Originally Posted by trinton (Post 222168)
Not really. Just mainly dads. Mom's do the primary care taking, remember? And if ODSP would barely support living expenses, and no therapies and day programs, then how could such adults support other adults? Telling a parent on disability to pay and you shouldn't have had children if you couldn't afford "it" is a very ignorant thing to say and is really no different than telling the mom in this case to pay her self and that she shouldn't have had children if she couldn't have afforded "it" - not that the child or adult is an "it".

If ODSP is barely enough for an adult to live off, then it is just that. If the parent adult can survive on it, then so can the child adult. It's not like the money goes directly to the child or "it" anyway. Sort of gives mom an incentive to keep "it".

How is it ignorant? Absolutely nobody, eminently capable or completely disabled, man or woman, should have a child if they cannot afford the expenses required. People's interpretation of affordable has a lot of variation, of course. A completely different topic though.

The fact that some people spend child support on themselves instead of the child is another completely different topic.

Just because the 'system' has several other flaws that are challenging to fix does not mean that we shouldn't address one that we CAN fix.

Rioe 07-11-2017 08:27 AM

Quote:

Originally Posted by involveddad75 (Post 222169)
Why does one automatically assume that intact families would continue to support an adult child with disabilities? Where is the stats on that statement?

I foresee a day when children from intact families will ask for support from their parents, from the time they decide to move out.

It's only a matter of time until the government of the day realizes that ODSP, welfare and every other social benefit shouldn't be paid by tax payers anymore they should be paid by the person's parents.

Whether they are intact or not, whether they are retired or not.

The statement, you created it, you deal with it until they pass on comes to mind.

No, I do not have stats on it, but there are plenty of anecdotes about adults, often parents, who continue to care for disabled relatives long after they become adults. The situation exists, therefore the system should account for it.

Just as there are parents of disabled adults who worry greatly about who will care for the disabled person after the parents pass on, and do their best to make provisions for care in their wills.

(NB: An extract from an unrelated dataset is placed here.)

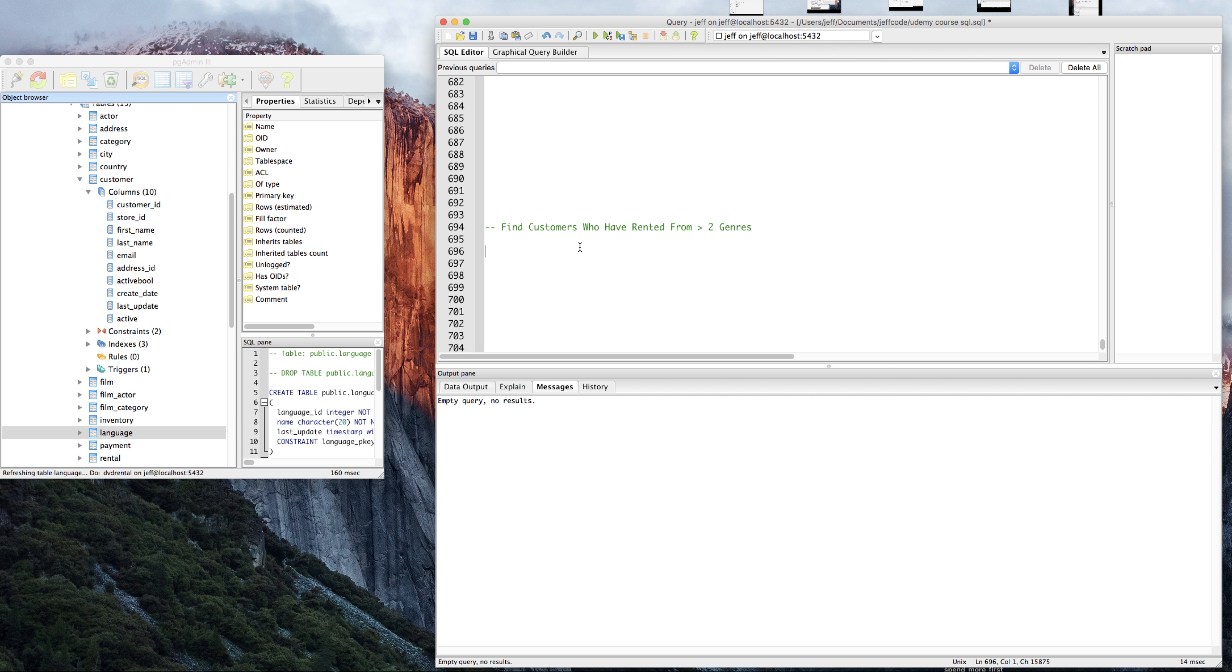This will be our last data warm-up before we get into more directed and complicated examples. We're going to find customers who rented from more than two genres.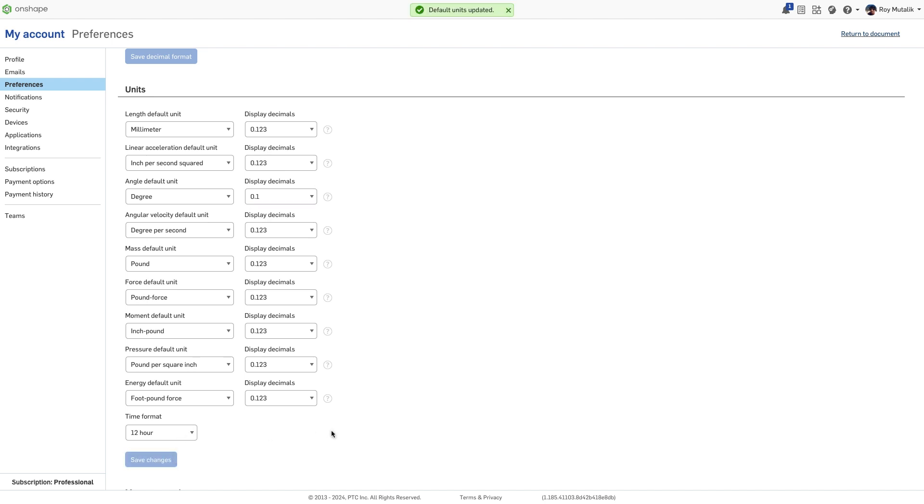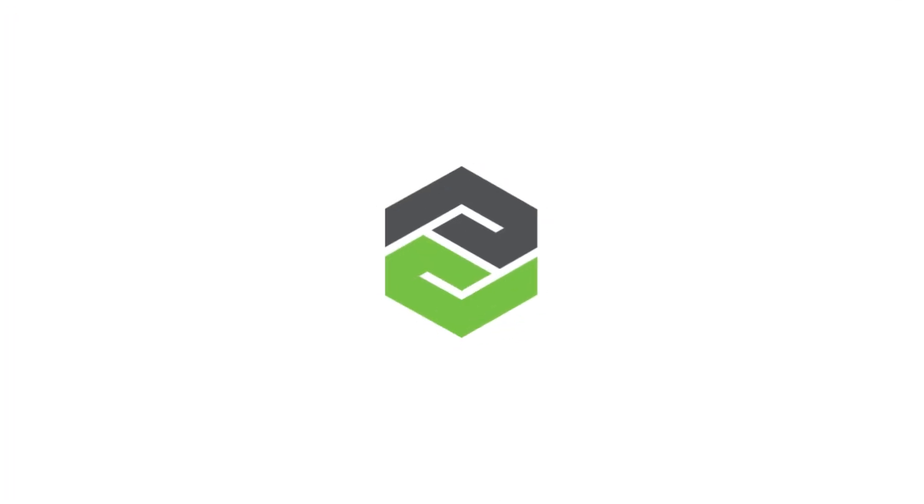Since default units are an account preference, they are a per user setting. Thanks for watching and stay tuned each week for more Onshape tech tips.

A separated parent who refuses to do this and leaves the financial and caring responsibility entirely up to the other parent SHOULD be made to pay child support.

Of course, I think Basic Income should replace a lot of social benefit systems like ODSP and welfare. Perhaps I'm a socialist.

rockscan 07-11-2017 08:36 AM

Single parents on OW have to go after child support so it makes sense that parents with children with disabilities are eligible for support. I have a family member with an adult child on odsp diagnosed with epilepsy following a stroke. The intact family uses his odsp for his medical and travel expenses and some is put away for tuition for a vocational school. If they werent around he would barely survive. Think about it, there are so many programs and supports for children under the age of 18 with disabilities and almost all of them stop when they reach 18. Now parents have an adult who is incapable of taking care of themselves and limited supports available. These "kids" are also physically bigger and stronger and single parents require care assistance. ODSP barely covers transportation for programs.

The only part that scares me is what is the disability threshold? My partners ex is currently trying to argue his kids should still be children of the marriage because they have lingering issues from the divorce. Parents who just want continued child support will ruin this for parents truly struggling with a disabled child.

Tayken 07-11-2017 12:44 PM

It is a tax shift. In a country with medical coverage adults with a disability should be the responsibility of society. What happens when an adult gets in an accident and becomes disabled? Are the parents now responsible?